Re: [PATCH 1/11] Add __GFP_MOVABLE flag and update callers

From: Mel Gorman
Date: Thu Nov 23 2006 - 11:37:04 EST


On (21/11/06 16:44), Linus Torvalds didst pronounce:
>
>
> On Tue, 21 Nov 2006, Mel Gorman wrote:
> >
> > On Tue, 21 Nov 2006, Christoph Lameter wrote:
> >
> > > Are GFP_HIGHUSER allocations always movable? It would reduce the size of
> > > the patch if this would be added to GFP_HIGHUSER.
> > >
> >
> > No, they aren't. Page tables allocated with HIGHPTE are currently not movable
> > for example. A number of drivers (infiniband for example) also use
> > __GFP_HIGHMEM that are not movable.
>
> It might make sense to just use another GFP_HIGHxyzzy #define for the
> non-movable HIGHMEM users. There's probably much fewer of those, and their
> behaviour obviously is very different from the traditional GFP_HIGHUSER
> pages (ie page cache and anonymous user mappings).
>

There are a suprising number of GFP_HIGHUSER users. I've included an
untested patch below to give an idea of what the reworked patch would
look like. What is most suprising about this is that there are driver and
filesystem allocations obeying cpuset limits. I wonder was that really
the intention or was GFP_HIGHUSER seen as an easy (but mistaken) way of
identifying allocations for page cache and user mappings.
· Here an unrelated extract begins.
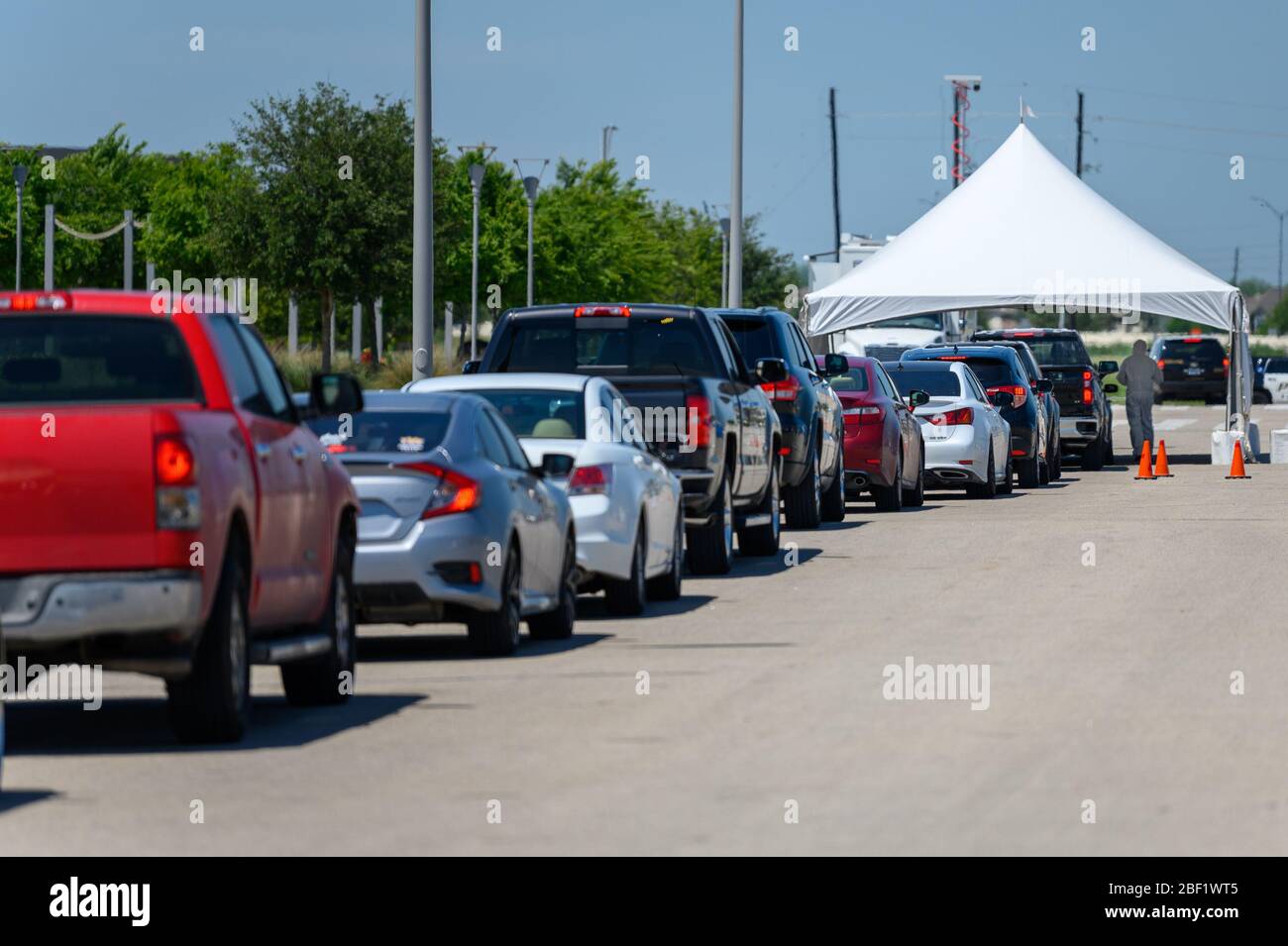 Sugar Land, Texas - April 16, 2020: Cars line up at city COVID-19 drive-through testing center Stock Photo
> So you could literally use "GFP_HIGHPTE" for the PTE mappings, and that
> would in fact even simplify some of the users (ie it would allow moving
> the #ifdef CONFIG_HIGHPTE check from the code to <linux/gfp.h>). Similarly
> for any other non-movable things, no?
>

As it turns out, HighPTE is just one of many cases where pinned allocations
use high memory. However, defining GFP_PTE and making the CONFIG_HIGHPTE
check in <linux/gfp.h> is probably not a bad idea either way.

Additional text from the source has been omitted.